■ Exercise details ■
From the first line of the material through the line that holds "LX1249142 lexus is350", repeat each line exactly and skip any picture.

*** Provided data ***

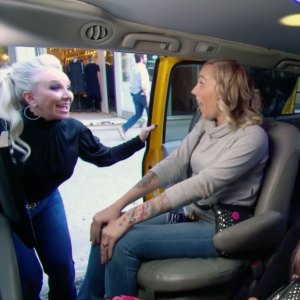 RHONJ's Margaret Josephs Stops by 'Cash Cab'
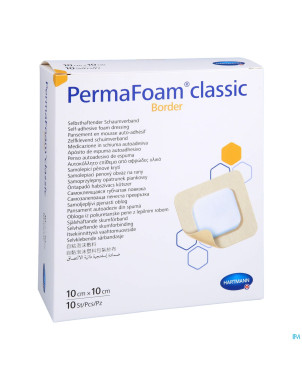 Permafoam classic border 10x10cm 10 8820060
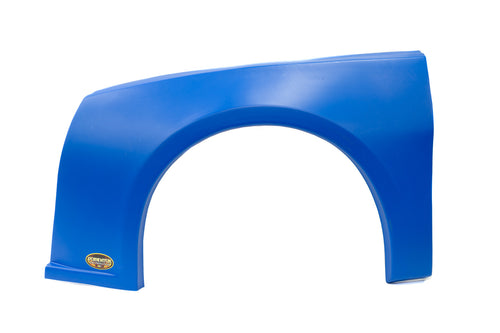 Dominator Fender Left Camaro Street Stock Blue 334-BL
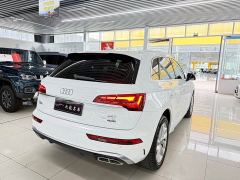Audi Q5L 40 TFSI Luxury Dynamic - ფოტო 5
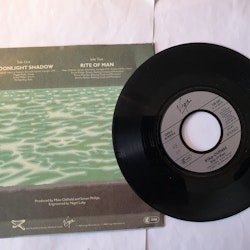 Mike Oldfield, Moonlight Shadow. Vinyl S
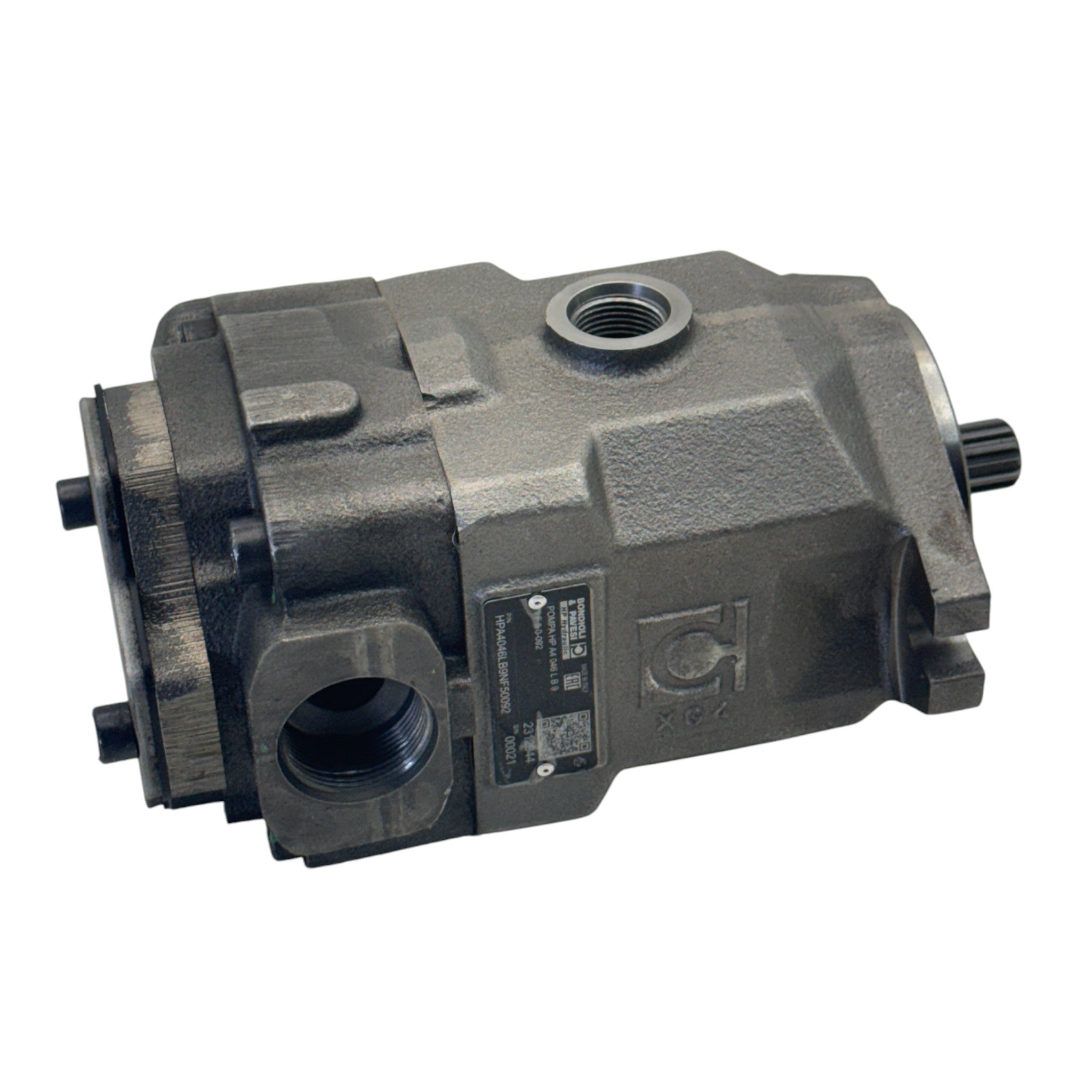Bondioli & Pavesi Hydraulic Pump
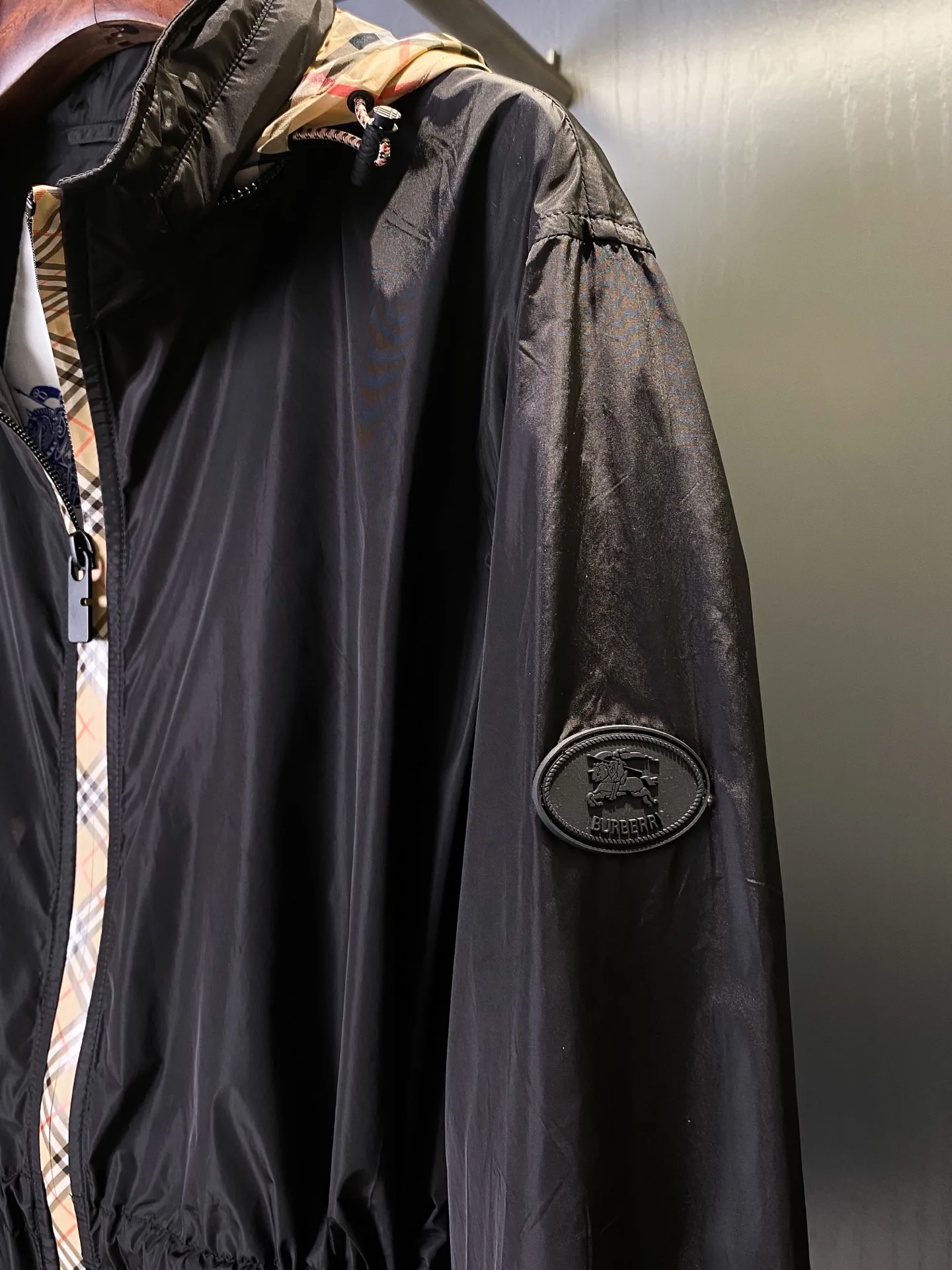 Куртки И Пуховики Женские Burberry 10976273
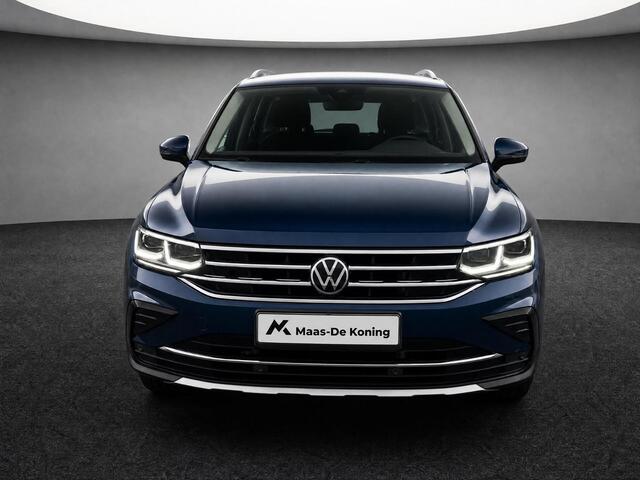 Volkswagen TIGUAN 1.4 TSI 245pk DSG eHybrid Elegance · Wegklapbare Trekhaak · 360 Camera · Apple/Android Car Play · IQ.Light · 18'' Inch ·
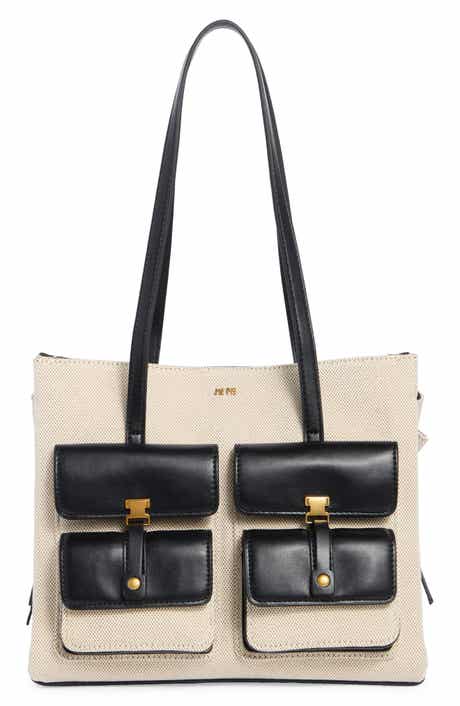 Linda Pocket Tote Bag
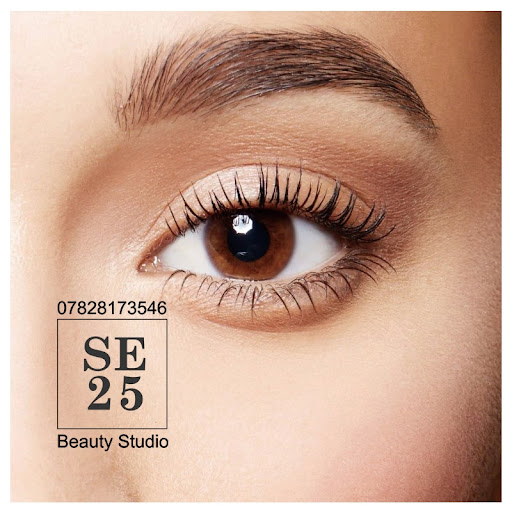 SE25 Beauty Waxing House and Lash extensions logo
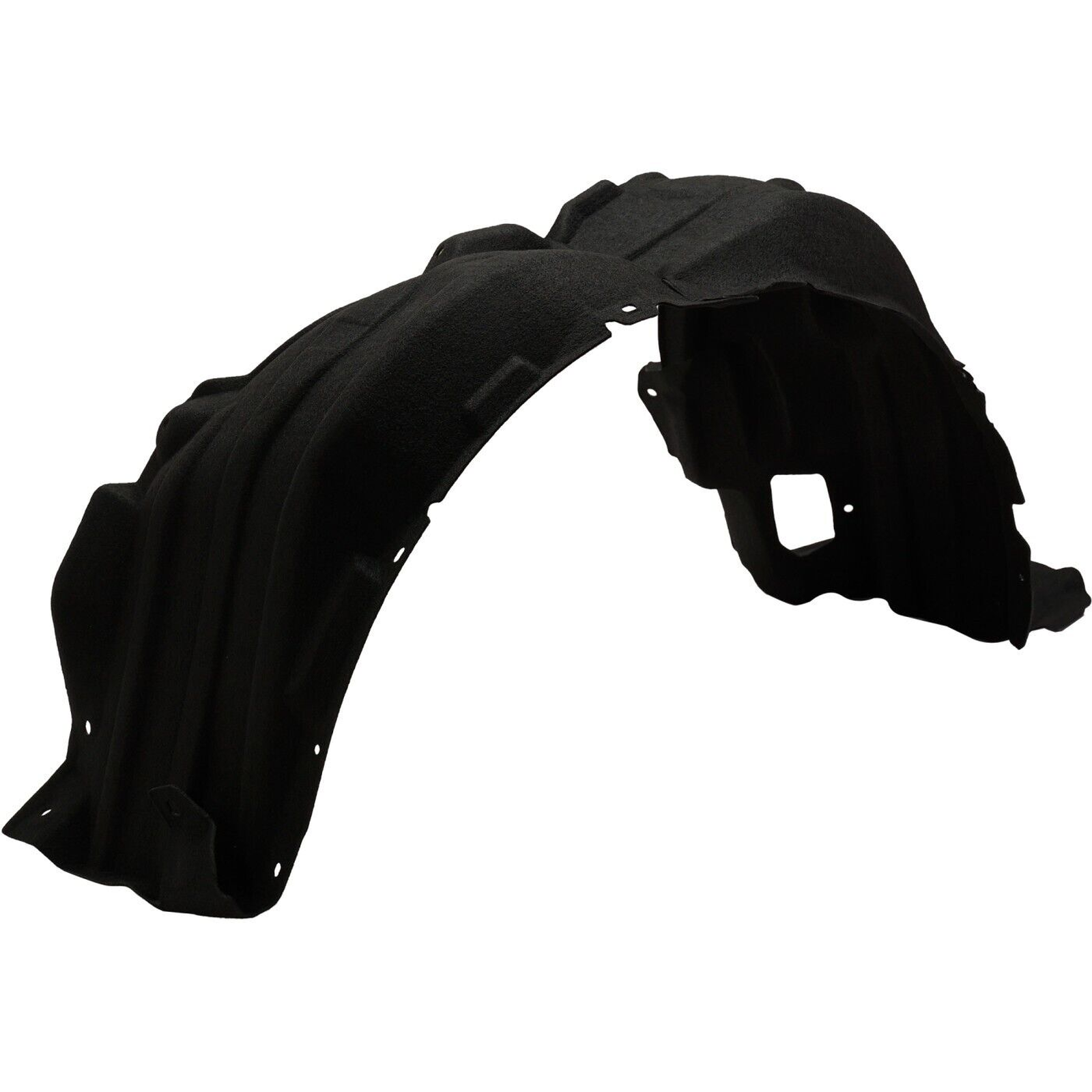LX1249142 lexus is350 2017 front right fender liner lx1249142 5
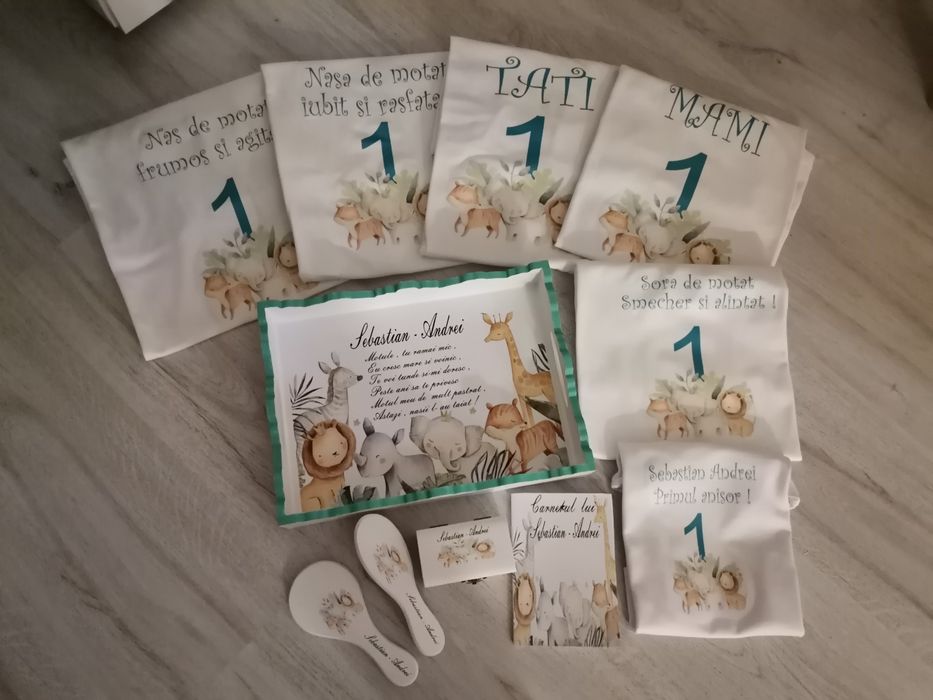 Set tricouri personalizate/set Mot /fusta Tutu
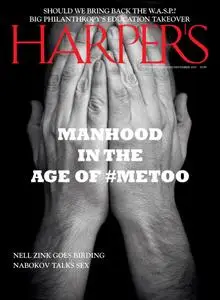 Harper's Magazine - November 2019
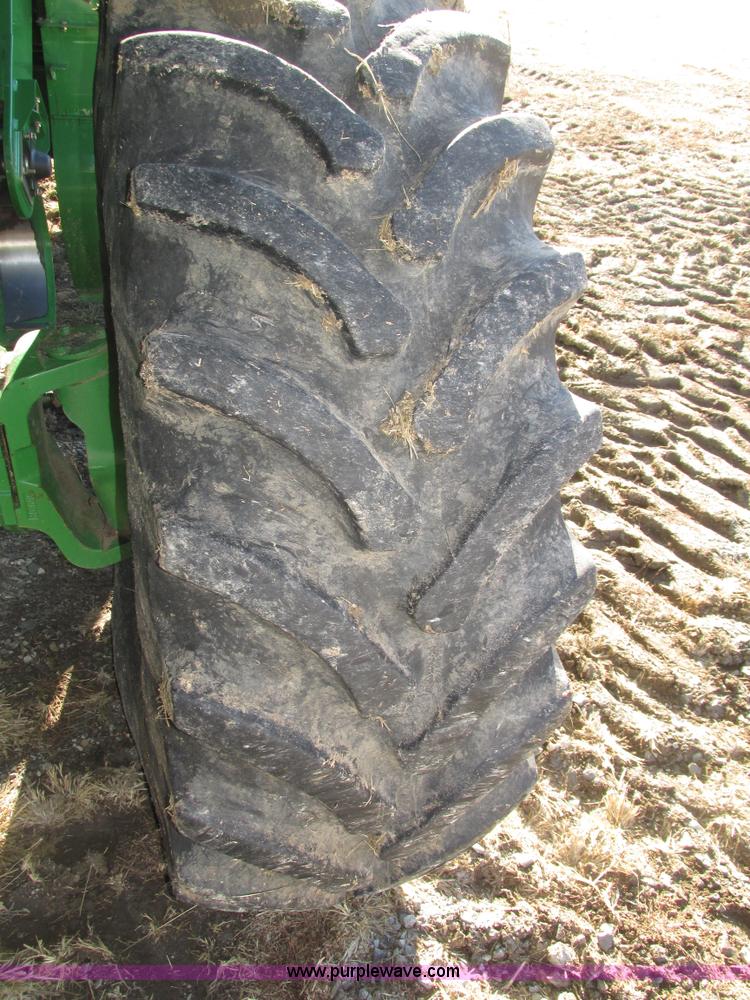 image for item H1017 2004 John Deere 9760 STS combine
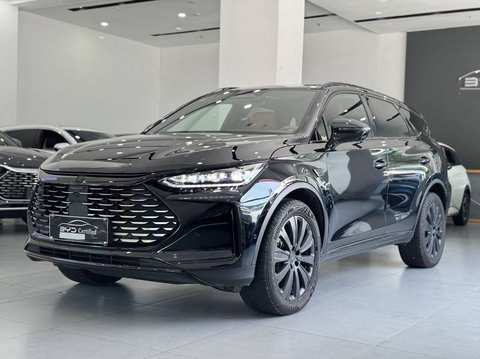 BYD Tang EV
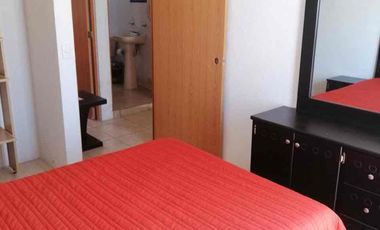 Renta casa totalmente amueblada ¡entra y vive ya!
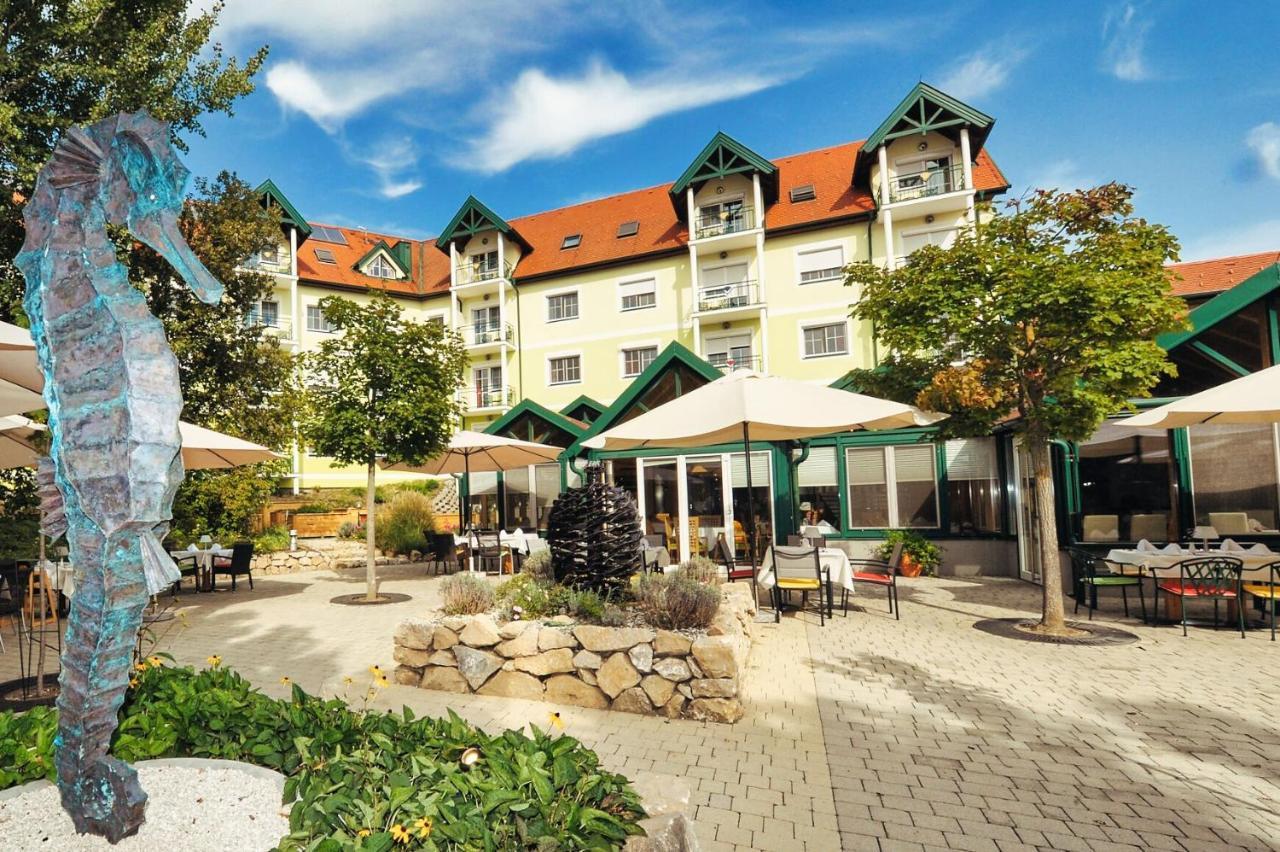 Hotel Xylophon - Inklusive Thermeneintritte Lutzmannsburg Dış mekan fotoğraf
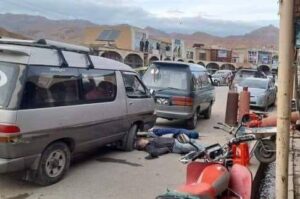 کشته و زخمی شدن چند نفر در حمله بر گردشگران خارجی در بامیان- ایراف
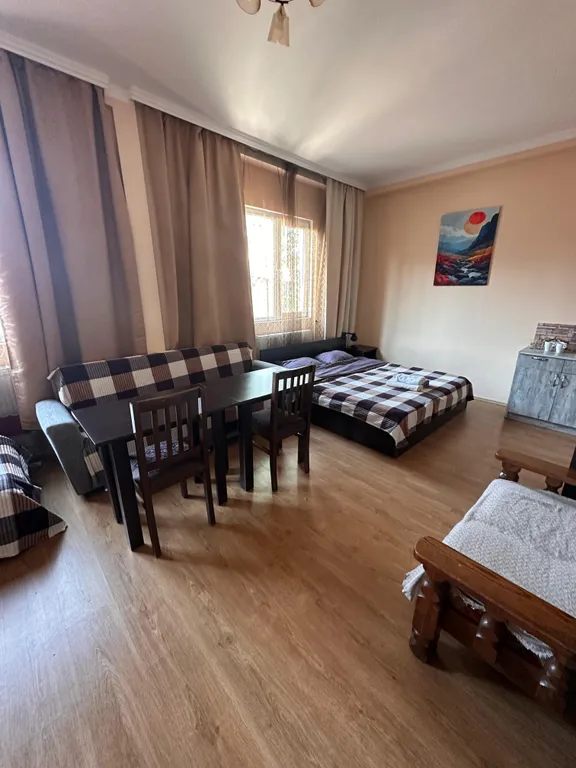 Большой удобный семейный номер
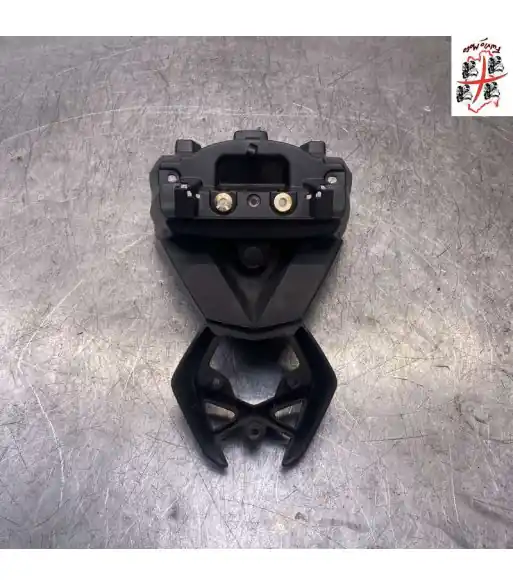 Support de plaque BMW R1200R - 2014 Produit De Marque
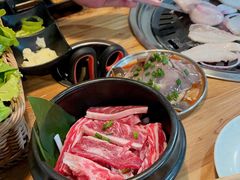 -梅梅家的烤肉店(槐北路店)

*** End of Provided data ***

■ Response to the task ■
 RHONJ's Margaret Josephs Stops by 'Cash Cab'
 Permafoam classic border 10x10cm 10 8820060
 Dominator Fender Left Camaro Street Stock Blue 334-BL
Audi Q5L 40 TFSI Luxury Dynamic - ფოტო 5
 Mike Oldfield, Moonlight Shadow. Vinyl S
Bondioli & Pavesi Hydraulic Pump
 Куртки И Пуховики Женские Burberry 10976273
 Volkswagen TIGUAN 1.4 TSI 245pk DSG eHybrid Elegance · Wegklapbare Trekhaak · 360 Camera · Apple/Android Car Play · IQ.Light · 18'' Inch ·
 Linda Pocket Tote Bag
 SE25 Beauty Waxing House and Lash extensions logo
LX1249142 lexus is350 2017 front right fender liner lx1249142 5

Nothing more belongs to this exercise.